BEGIN Supplied data

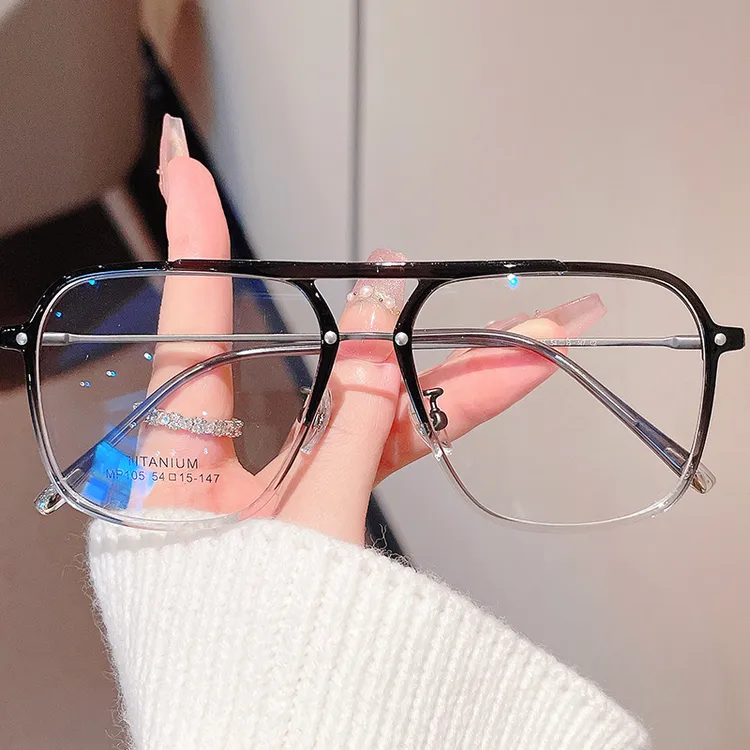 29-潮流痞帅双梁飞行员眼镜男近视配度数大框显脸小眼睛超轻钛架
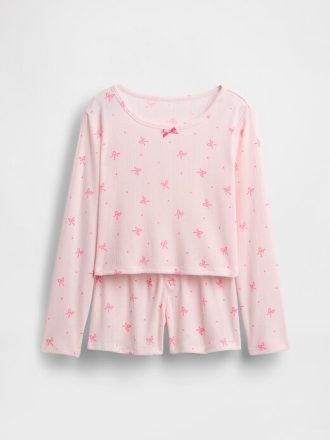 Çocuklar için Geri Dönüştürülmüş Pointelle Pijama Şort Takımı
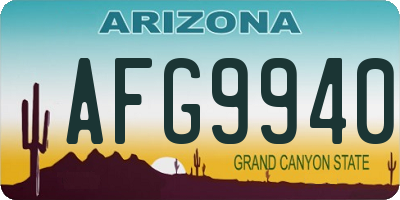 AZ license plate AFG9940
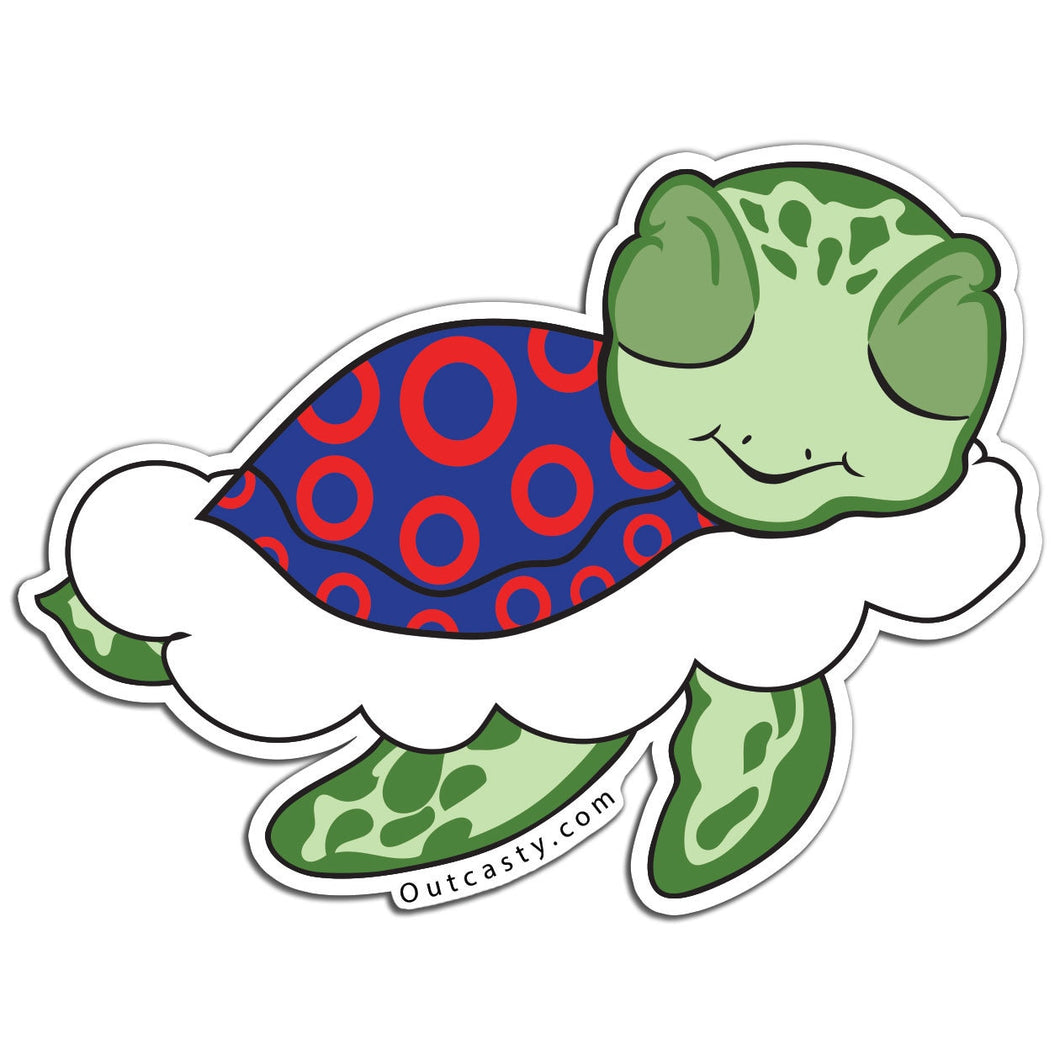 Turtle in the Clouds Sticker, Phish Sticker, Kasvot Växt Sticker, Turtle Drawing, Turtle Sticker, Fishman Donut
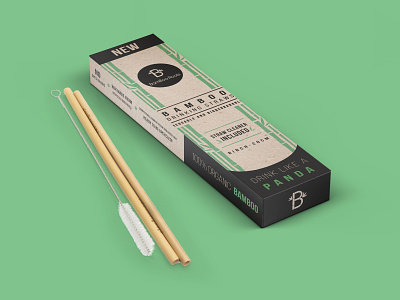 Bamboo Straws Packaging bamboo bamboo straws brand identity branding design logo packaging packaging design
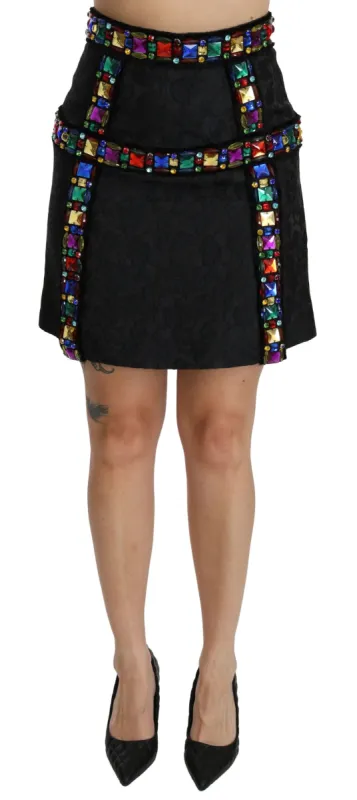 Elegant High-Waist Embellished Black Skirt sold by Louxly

END Supplied data

■ Your task ■
Drop the pictures, then transcribe the lines from the one containing "AZ license plate AFG9940" to the end of the data above, exactly and nothing more.

■ Solution to the exercise ■
 AZ license plate AFG9940
 Turtle in the Clouds Sticker, Phish Sticker, Kasvot Växt Sticker, Turtle Drawing, Turtle Sticker, Fishman Donut
 Bamboo Straws Packaging bamboo bamboo straws brand identity branding design logo packaging packaging design
 Elegant High-Waist Embellished Black Skirt sold by Louxly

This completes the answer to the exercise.